Nationality: Hungarian 

Tibetologist and Mongolist. Holds a PhD (ELTE University, Faculty of Arts, Budapest, Hungary) of Mongolian Linguistics and Philology. Her PhD dissertation was written on the ritual and ceremonial practice in present-day Mongolian monasteries (A Comparative Study of the Ceremonial Practice in Present-day Mongolian Monasteries, PhD dissertation, Eötvös Loránd University, Faculty of Arts, Doctoral School of Linguistics, Program on Mongolian Linguistics, Budapest, 2008, 285 pages).

Has been to Mongolia 6 times since 1999, on scholarships and research trips for periods of one month to one and a half years surveying the history and revival of Mongolian Buddhism. 

In cooperation with Krisztina Teleki, in 2005/2006, she conducted research in Ulaanbaatar that was recorded in the following papers:

-      Monasteries and Temples of Bogdiin Khüree, Ikh Khüree or Urga, the Old Capital City of Mongolia in the First Part of the Twentieth Century (183 pages in English)

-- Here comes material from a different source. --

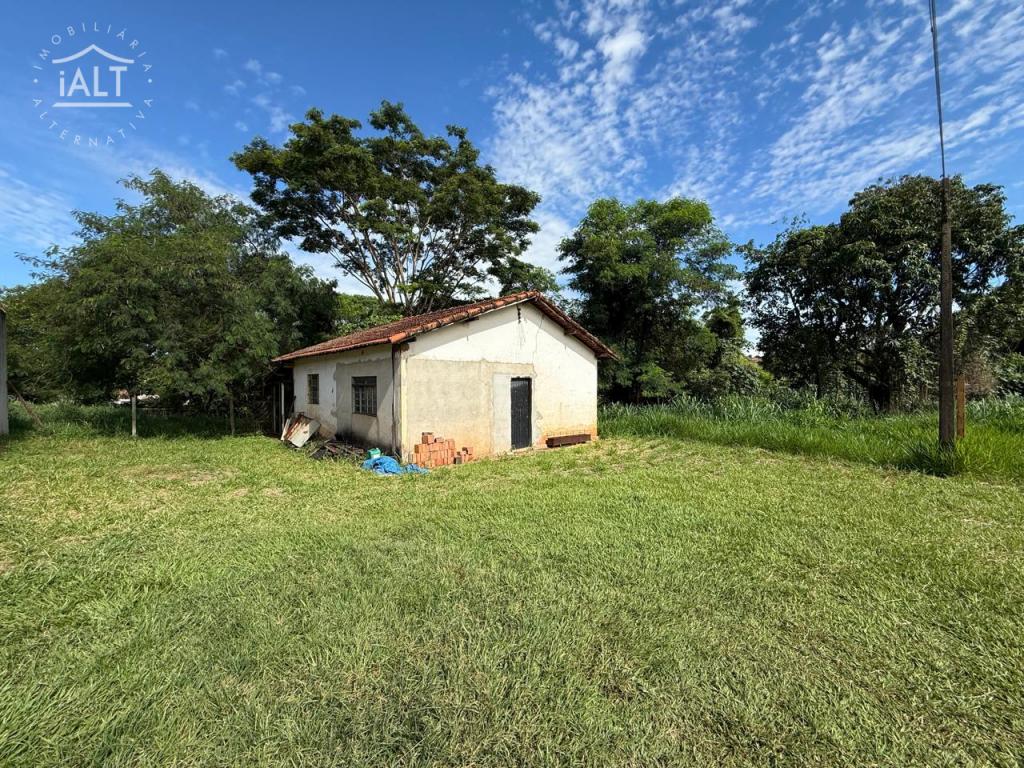 Área à venda em Vila Dona Engracia Agudo Romao, Catanduva - foto 20 de 20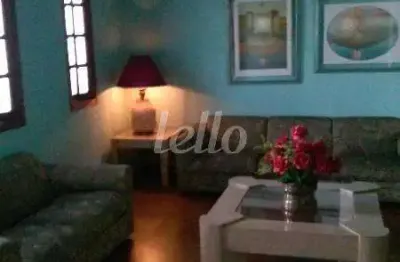 Apartamento com 4 quartos à venda na avenida paes de barros, 828, mooca, são paulo, 234 m2 por r$ 1.000.000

-      Survey of Active Buddhist Temples in Ulaanbaatar in 2005 – 2006, with some annotations in 2007 and 2011 (64 pages in English)

-      Ulaanbaatar khot dakh’ buddiin shashnii süm khiidüüdiin towch lawlakh, 2006. (27 pages in Mongolian)

-      Connected to these materials, based on the terms used in them and for future use for the project, they prepared 

a glossary of 877 terms (Mongolian-Tibetan-English).

In cooperation with Krisztina Teleki responsible for interviews in 2006-2007 with old monks who had been monks before the purges and were still attending a monastery in Ulaanbaatar or in Zuunmod, Töw aimag. In all they interviewed 40 old monks, originally coming from all parts of the country, conducting first interviews with 31 of them in 2006 (prior to the ACM Documentation of Mongolian Monasteries project).

For the 2007 Arts Council of Mongolia countrywide survey, together with Krisztina Teleki, based on the experience gained from their previous interviews, contributed to the questionnaire for gathering information about active (or revived) monasteries that were included in the survey partly on their recommendation. They also prepared the survey questionnaire and methodology for conducting the Oral Histories with old monks, ex-monks and others. Also contributed to the site pro-forma for recording information about the old monastic sites.

She and Krisztina Teleki comprised research Team D In the 2007 Arts Council of Mongolia countrywide survey and worked in Öwörkhangai and Dundgow’ aimags, and the south part of Töw aimag.

Her researches in 2005/2006 were supported by the Hungarian Scholarship Board’s six month scholarship and the Gate of the Dharma Buddhist Foundation (Hungary), in 2007 summer by the Stein Arnold Exploration Fund of the British Academy, the research exchange program (OTKA 62501) between the Department of Inner Asian Studies, ELTE, Budapest and the Institute of Language and Literature of the Mongolian Academy of Sciences, and also by the Gate of the Dharma Buddhist Foundation (Hungary).

Between 2010-2014 she held a three-year research scholarship from the Hungarian Academy of Sciences (Bolyai János Research Scholarship) for conducting research on the monastic system of Mongolian Buddhism, its main monasteries and the activities of the high lamas connected to these main monastic sites.